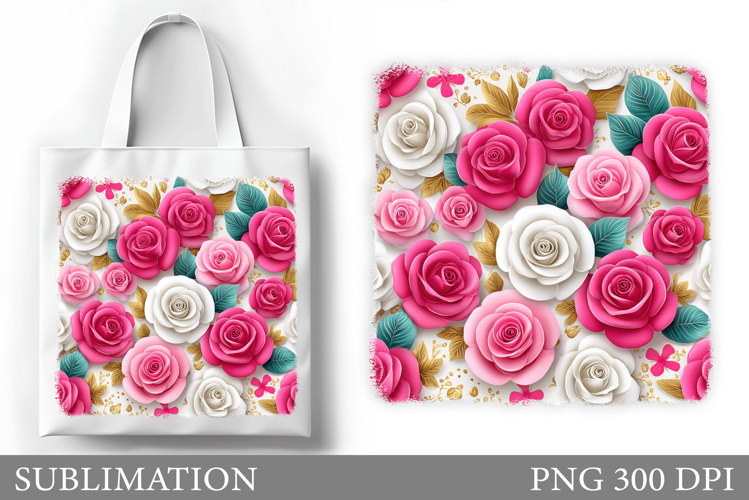 Roses Tote Bag Sublimation. Flowers Sublimation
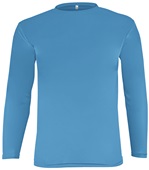 Epic Cooling Performance Long Sleeve Crew T-Shirts (18- Colors Available) LIGHT BLUE Front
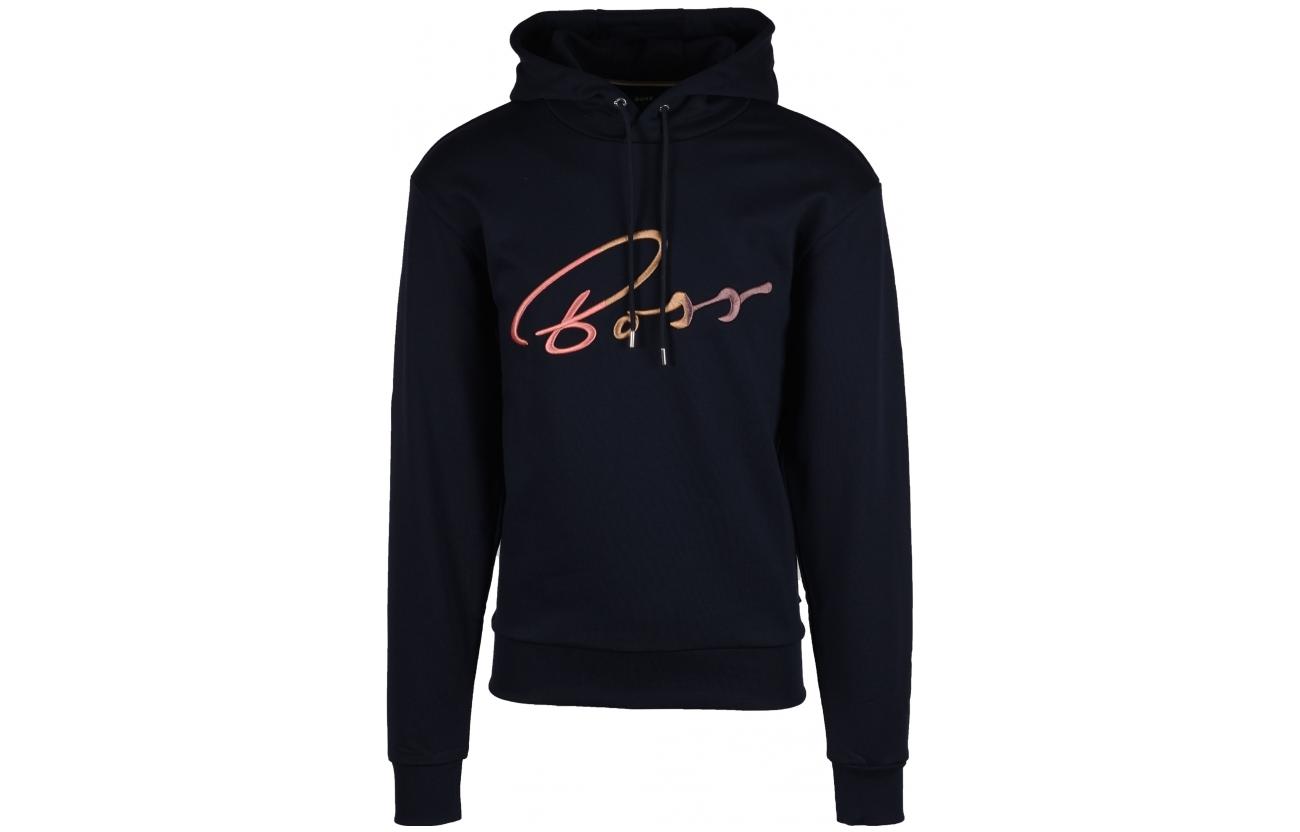 HUGO BOSS SS23 Navy Blue Pullover Sweatshirt with Letter Embroidery - 50467151-404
○ ○ ○ ○
## ASSIGNMENT:
Copy all of the data above exactly. Leave out every picture.

## WRITTEN ANSWER:
 Roses Tote Bag Sublimation. Flowers Sublimation
 Epic Cooling Performance Long Sleeve Crew T-Shirts (18- Colors Available) LIGHT BLUE Front
 HUGO BOSS SS23 Navy Blue Pullover Sweatshirt with Letter Embroidery - 50467151-404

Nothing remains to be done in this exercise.